The tragedy that befell the Brooklyn punk group Yellow Dogs, in which several bandmates were killed, allegedly by a disgruntled fellow member of the Iranian expat music scene, came with a surprising movie connection.
Yellow Dogs was featured in the 2009 film “No One Knows About Persian Cats,” the acclaimed Kurdish director Bahman Ghobadi's semi-documentary that won a prize at the Cannes Film Festival. Yellow Dogs was seen performing in the film, and the subsequent media attention actually helped allow members to emigrate from Iran.
Film titles have come up in association with tragedies several times over the last few days. At a shooting in suburban Houston over the weekend that claimed the lives of two young people, the Miles Teller till-the-break-of-dawn party movie “Project X” was invoked as, at the very least, helping create conditions for the violence.
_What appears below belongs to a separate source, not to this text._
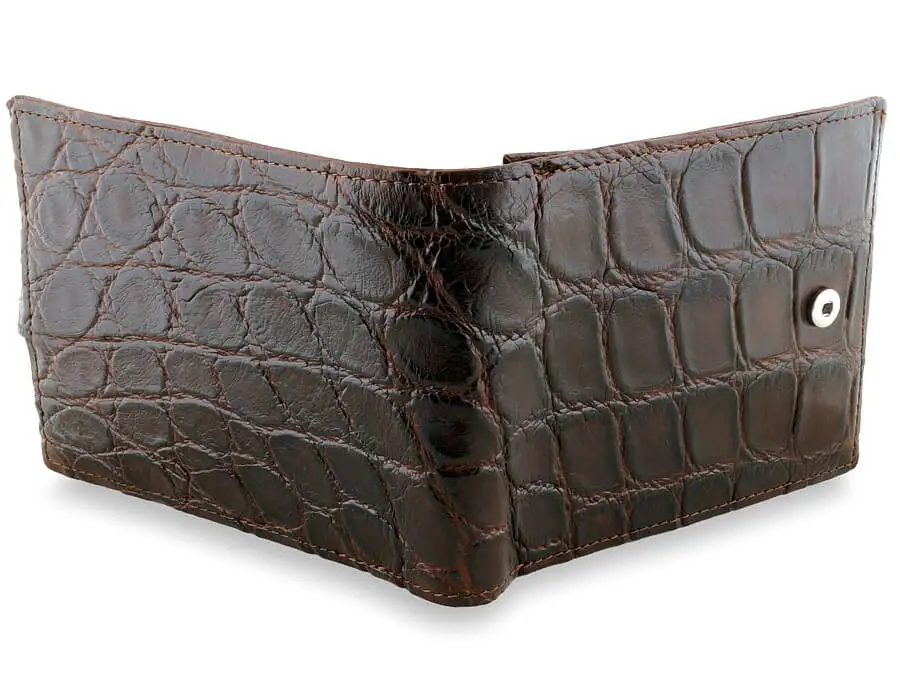 Рисунок 4 - Мужской кошелек Exotic Leather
As my colleague Molly Hennessey-Fiske wrote, Harris County sheriff’s spokesman Thomas Gilliland “cited the rash of parties youths held in vacant Southern California homes earlier this year in an effort to mimic the movie ‘Project X,’ gatherings advertised online that drew hundreds and included drugs and alcohol.”
Said Gilliland, “Be aware of who’s coming to your house, who you invite. I wouldn’t use social media to invite people,” a reference to how that film’s over-the-top party came to be.
And on Monday, in a study that found the amount of violence in PG-13 movies has tripled since 1985, authors pointed to a “weapons effect,” which argues that seeing violence in movies can lead to hostile behavior on the part of the moviegoer.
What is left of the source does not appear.